CGMagazine: Why the decision to go back to the Second World War?

Michael Condrey: It’s interesting we had these really intense three year dev cycles and through the course of it you really try to respond to what the fans are saying to the studio and the franchise about what they want and what they’re interested in trying to be predictive about trends. It’s a really interesting exercise creatively to try and figure out what is going to excite fans three years down the road. Coming out of Advanced Warfare, that game was really positioned at a time when near-future technology had become the pop-culture zeitgeist. There were films like Edge of Tomorrow and Elysium and Oblivion. We didn’t know that when we first started we just wanted to tell this story and bring new exciting ways to play Call of Duty and that’s what was represented. At the end of that game the creative exercise followed that process, we started thinking about stories that were meaningful, stories that hadn’t been told in a while, new ways to have player play in the franchise that they love and we saw then this opportunity to use the greatest conflict in human history as a backdrop to go back to the Second World War where great stories hadn’t been told in at least a decade, and fast forward to today and I think we’re seeing again. We recently had Dunkirk as an example. That’s exciting to us because for many of us, myself included, it’s been 10–20 years since we’ve had a great piece of the Second World War entertainment and ten years for Call of Duty. In response to fans wanting to go back to more grounded, authentic boots-on-the-ground experience and for Sledgehammer games to get a chance to reboot the franchise and take it back to its beloved roots. We’re excited because right now it feels like absolutely the right game for Call of Duty at the right time for fans.

CGMagazine: Following that, what are the major differences from a development standpoint between a real historical setting and a fictional one where you have creative freedom to do whatever you like?

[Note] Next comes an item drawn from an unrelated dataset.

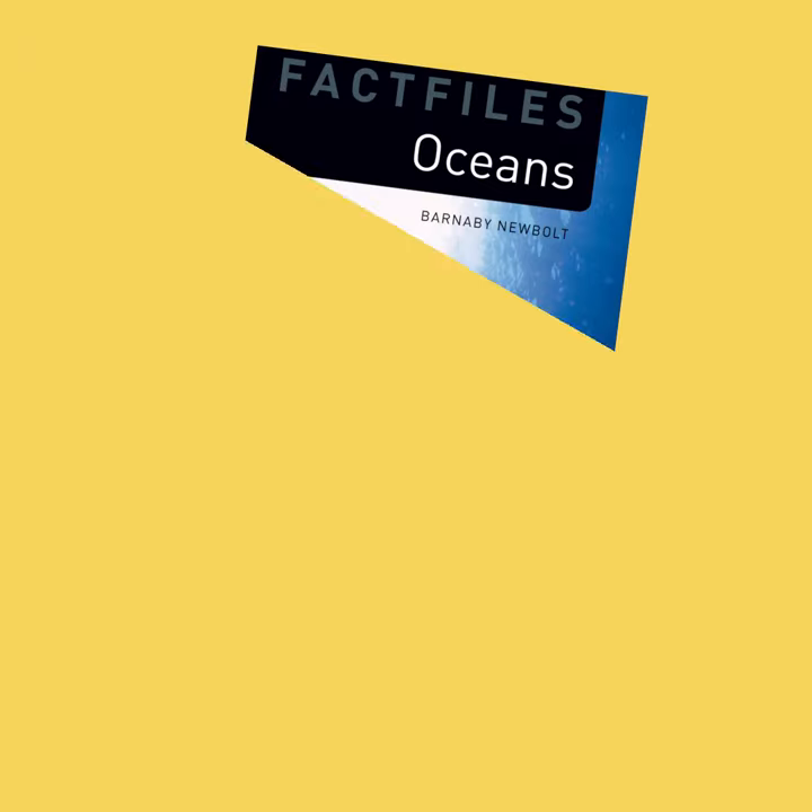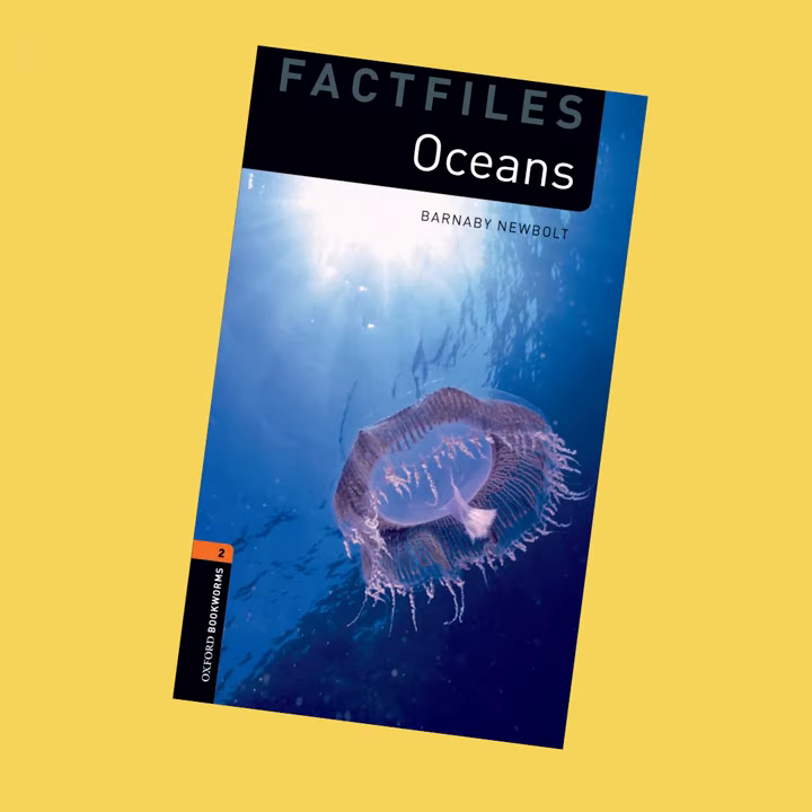Hi, my name is Hannah and I'm taking part in the 10-minute reading challenge. I'm here to share my favourite graded reader with you, which is Oceans. You can find it in Oxford Readers Collection A2 to B1, available on Oxford Learners Bookshelf.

Michael Condrey: The creative opportunities for this were very, very different. Advanced Warfare, for the longest time we were really trying to paint this canvas of a believable near-future conflict and world, and I remember we engaged with some futurists. These are academics who spend their careers trying to predict where the future is going. We brought in a series of futurists, very famous ones for a speaker series for the studio to get this studio creatively immersed in near-future challenges. We had two speakers, one right after the other, in the course of a week. The first one described the singularity, the moment when man and machine come together to become one. The next speaker described how modern conflict at scale was going to essentially take us back 50–60 years because all the tech we rely on today was going to get destroyed in the course of these large-scale global conflicts. We were going to go back in time 50 years to a more analog society because satellites with EMPS were going to happen and set us back decades. Even within a very academically informed perspective at the time, these two experts couldn’t agree on what 40 years down the road meant. So we had to paint that, we had to paint it to the studio, to each other, and to the fans. A lot of creative time was spent trying to have people understand the world, the protagonists, the antagonists, the geopolitics, and the technologies. We researched a ton of what was coming but even then it was hard to get people to fully believe that these things could happen.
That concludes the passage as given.